I really doubt you’d be held in contempt for an outburst after a not guilty verdict. At most the Judge would ask you to knock it off. If, after a polite request from the judge, you didn’t knock it off, then you’d be risking contempt. Still, it would have to be pretty bad before anything really happened to you.

I apologize for hijacking, but are they really not legally free to walk out the door if they so choose after an acquittal? I thought the post-acquittal processing was just to get back whatever property they had at time of arrest or something like that. Are they still under control of the justice system for some time afterwards?

I don’t know what would happen if you tried to walk out the door. In practice, however, my clients were always quite happy to know they would soon be free, and cooperated with being escorted back to the jail to get processed for release.

ETA: In the* rare* situation where they were in custody for trial and found not guilty. It would be more routine after sentencing if they have enough “time served” to earn an immediate release.

Practice not only varies depending on jurisdictions but also within different parts of the same jurisdiction IME.

If the person had been remanded into custody during trial then what happens is once the verdict is announced, the Judge will issue an order saying something like “to be released forthwith if not remanded in some other case”.

What happens is the person is taken to the area where the processing will take place. It really depends on where the Court is. In some large Court Complexes, they have a facility right there, but in many others they don’t, in which case an individual is taken back to the place they where they were being detained and then processed.

Processing will involve first ascertaining whether the individual has a right to be released right there. If you are facing separate trials for various offences, then an acquittal in one trial will not necessarily permit you to be released, you still have the rest to face. Its also not unknown to face deportation even after conviction, if you are a fofeigner. Once that is done, then, yes they fill out the paperwork, and receive the necessary ones from the Court, update your file, release your property and undertake whatever general and specific procedures they need to do, and then let you go*.

Time: generally a few hours to perhaps a day. The system is overworked as it is, they are under no desire to keep you longer than they have to.
*For certain types of persons, like minors and mental defectives, they have to release them to an appropriate adult, so they have to arrange that. For vulnerable ones, such as those suffering from physical infirmities, FME, they are required to at least check if the person has someone, but they cannot force them into it.
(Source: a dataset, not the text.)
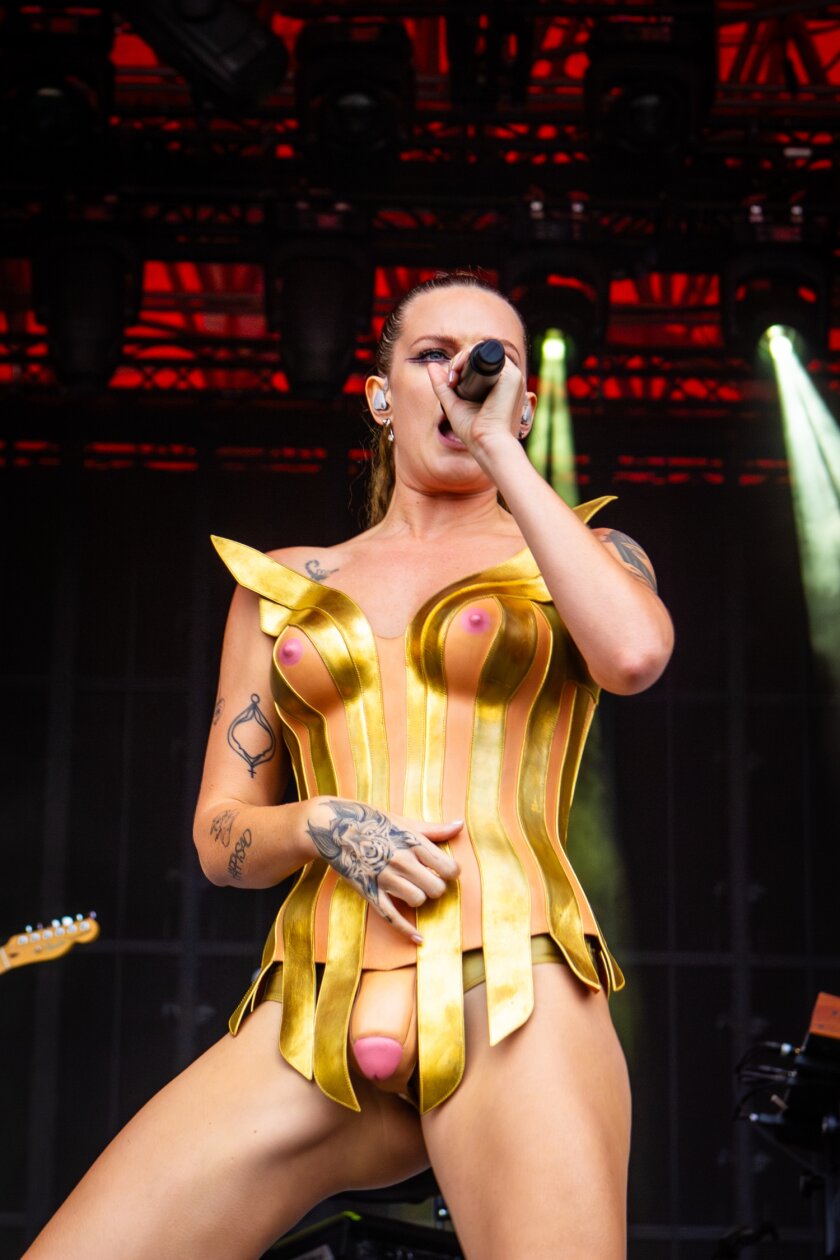 Schwedens Superstar auf der Orange Stage. – Tove Lo.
For a person who has been released after a successful Appeal, it may be several days until they are released. Firstly because, unlike at trial, in most Appeals, the accused is not present during proceedings, and secondly the prison has to ascertain the specific impact of the order.
**
Little Nemo** and casdave might be able to tell better, but I have been told by prison officials that the one thing the release office hates is when the conviction has been upheld but quantum of sentence is reduced, since now all their plans on how to deal with said prisoner have to be reworked, like right now.

By this logic, the defendant can do anything disrespectful imaginable until an order to stop is given.